The use of patient-matched cutting blocks is a recent development in orthopaedics. In contrast to the standard cutting blocks, they are designed to fit the individual anatomy based on 3D medical images. Thus, landmarks and reference axes can be identified with higher accuracy and precision. Moreover, stable positioning of the blocks with respect to the defined axes is easier to achieve. Both may contribute to better alignment of the components.
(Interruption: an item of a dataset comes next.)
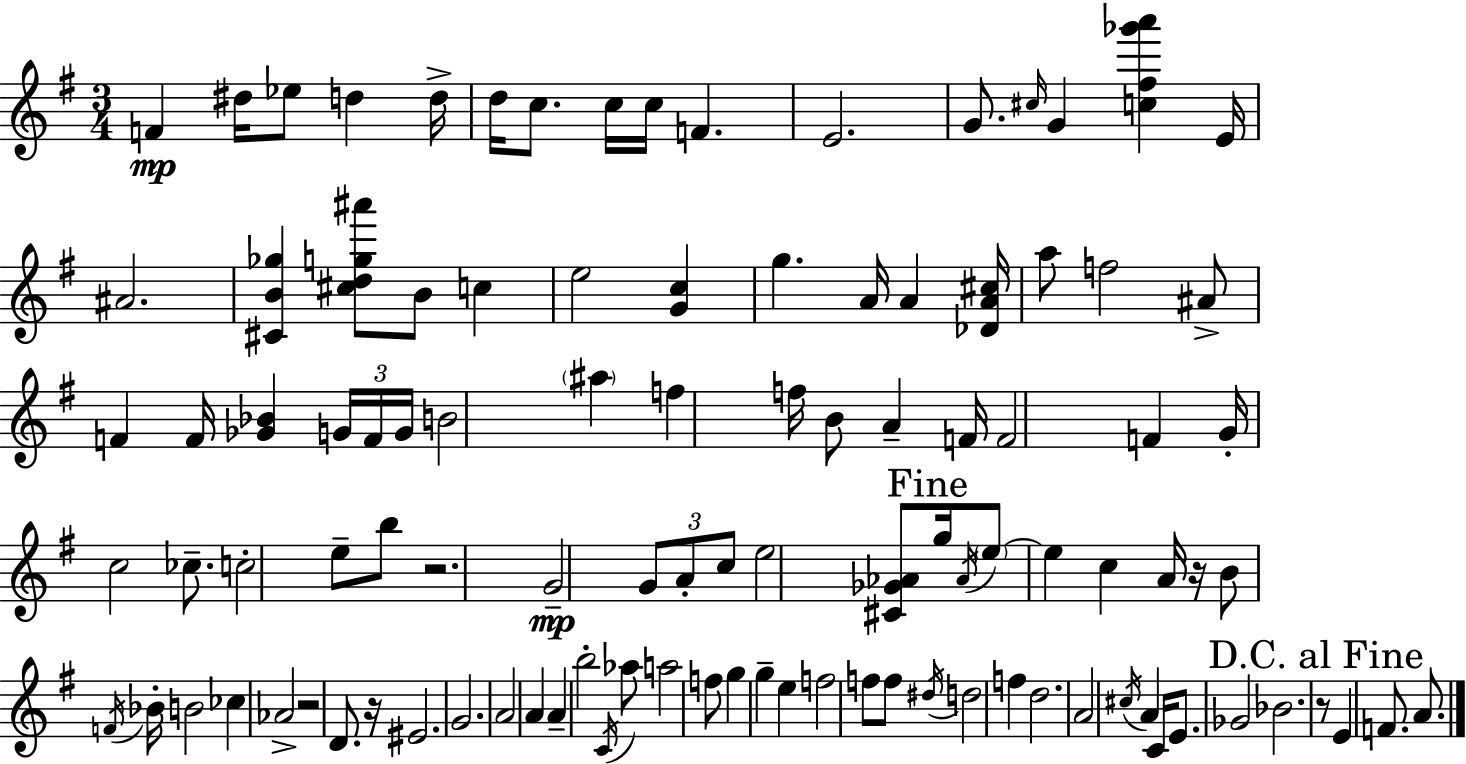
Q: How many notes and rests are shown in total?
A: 105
The objective of this study was to check the accuracy of femoral component orientation in a cadaver study using specimen-matched cutting blocks in six specimens; first for a bi-compartmental replacement, and then for a tri-compartmental replacement in the same specimen.

Materials and Methods

Frames with infrared reflective spherical markers were fixed to six cadaveric femurs and helical CT scans were made. A bone surface reconstruction was created and the relevant landmarks for describing alignment were marked using 3D visualisation software (Mimics). The centres of the spherical markers were also determined. Based on the geometry of the articular surface and the position of the landmarks, custom-made cutting blocks were designed. One cutting block was prepared to guide implantation of a bi-compartmental device and another one to guide implantation of the femoral component of a total knee replacement.
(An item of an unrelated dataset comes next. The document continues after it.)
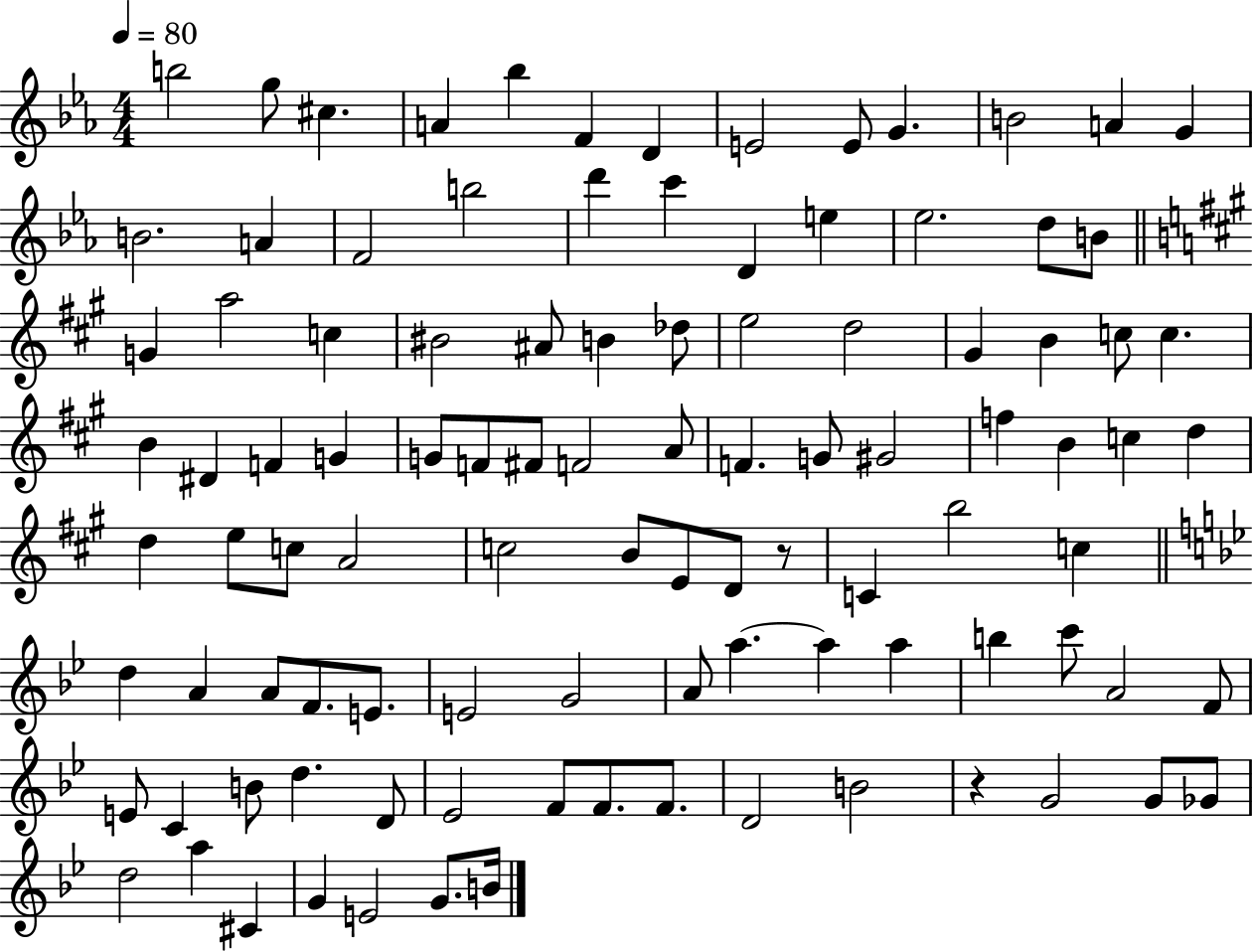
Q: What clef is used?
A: treble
The knee was opened and the custom-made cutting block for the bi-compartmental implant was seated onto the surface. The block was used to make the anterior cut, after which it was removed and replaced with the conventional cutting block using the same pinning holes to ensure the same axial rotational alignment. The other cuts were made using the conventional cutting block and the bi-compartmental femoral component was implanted. Afterwards, a similar procedure was used to make the extra cuts for the total knee component.

The position of the components with respect to the reflective markers was measured by locating three reference points and “painting” the articular surface with a wand with reflective markers. The position of all marker spheres was continuously recorded with four infrared cameras and Nexus software.